Greater Toronto Marketing Alliance
- Founded: 1997
- Type: Foreign Direct Investment
- Focus: Foreign Direct Investment, Investment Attraction
- Location(s): 350 Bay Street Toronto, Ontario, Canada M5H 2S6;
- Region served: Halton, Peel, Toronto, York, Durham
- Key people: Mayor David Ryan, Chair George Hanus, President & CEO Tony Romano, Vice President, Corporate & Investor Services
- Website: https://greatertoronto.org

= Greater Toronto Marketing Alliance =

The Greater Toronto Marketing Alliance (GTMA) is a "public-private partnership that serves as the key point of contact for businesses exploring opportunities in the Greater Toronto Area (GTA)". The partnership is a collaboration of the 29 municipalities and regions in the Greater Toronto Area, the governments of Ontario and Canada, several not-for-profit organizations, and a number of private sector corporations.

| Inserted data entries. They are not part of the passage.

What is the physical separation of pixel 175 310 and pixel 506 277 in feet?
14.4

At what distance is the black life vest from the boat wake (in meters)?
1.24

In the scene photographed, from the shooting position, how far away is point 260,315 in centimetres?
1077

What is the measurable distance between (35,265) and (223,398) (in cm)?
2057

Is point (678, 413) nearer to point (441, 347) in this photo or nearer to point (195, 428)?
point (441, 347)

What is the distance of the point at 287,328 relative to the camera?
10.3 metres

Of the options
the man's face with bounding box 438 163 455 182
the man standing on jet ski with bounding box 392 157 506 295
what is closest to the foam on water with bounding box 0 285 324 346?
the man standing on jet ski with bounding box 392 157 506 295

The GTMA provides business information and site selection services to prospective investors at no cost.

==About GTMA==

===Regions and Communities Served===
The GTMA represents the 25 communities and 4 regional municipalities contained within the GTA, and on behalf of its regional partners promotes the GTA's investment value proposition to international investors

Regions: Toronto, Durham, Halton, Peel (Town of Caledon, City of Mississauga, and the City of Brampton only), and York.

===History===
In 1997, former President of the Toronto Board of Trade, George A. Fierheller
became the Founding Chair of a new organization "sponsored by the Mayors and Regional Chairs Committee led by Mayor Hazel McCallion and Mayor Gordon Krantz, and an ad hoc group of the 29 Boards of Trade and Chambers of Commerce in the Greater Toronto Area (GTA)". They named this new organization 'The Greater Toronto Marketing Alliance' and announced that its directive would be to "expand the economy of the Greater Toronto Area by raising the profile of the region internationally to attract new investment and employment".

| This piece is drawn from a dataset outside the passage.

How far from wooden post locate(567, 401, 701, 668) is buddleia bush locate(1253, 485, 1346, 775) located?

In 2002 George A. Fierheller retired as Chair of the GTMA. Renato Discenza served from 2002 to 2005, followed by David Gavsie from 2005 to 2007

The current chairman is Lou Milrad

===Corporate Structure===
The GTMA was established as a Public-Private Partnership often known as a PPP. The GTMA receives about 60% of its funding from government, the majority from member municipalities who contribute the bulk of the government support, with the provincial and federal levels making up the rest. The remaining 40% of the GTMA's operating budget comes from the private sector.

The GTMA is governed by a 24-member board of directors from both the public and private sector.

===Mission===
The GTMA's mission and mandate is to expand the economy of the Greater Toronto Area by raising the profile of the region internationally to attract new investment and employment.
The GTMA's mandate is to provide all-encompassing services to investors interested in the Greater Toronto Area and to ensure that the Greater Toronto Area is positioned internationally as a preferred business location.

===Services===
Prospective investors working with the GTMA receive support and guidance from human resource consultants, financial and legal advisors, and commercial/industrial real estate professionals. They also benefit from key contacts with corporate executives and senior government officials.

In addition, the GTMA regularly hosts events to promote collaboration between various local and international companies, government organizations, foreign consulates and boards of trade. Notable examples include the GTMA's International Leaders Breakfast Club and the GTMA's Annual Celebrity Golf Tournament

==GTMA Publications==
The Greater Toronto Marketing Alliance periodically undertakes key industry sector studies and research that profile the GTA and develop GTA-wide regional data useful for both local and international organizations.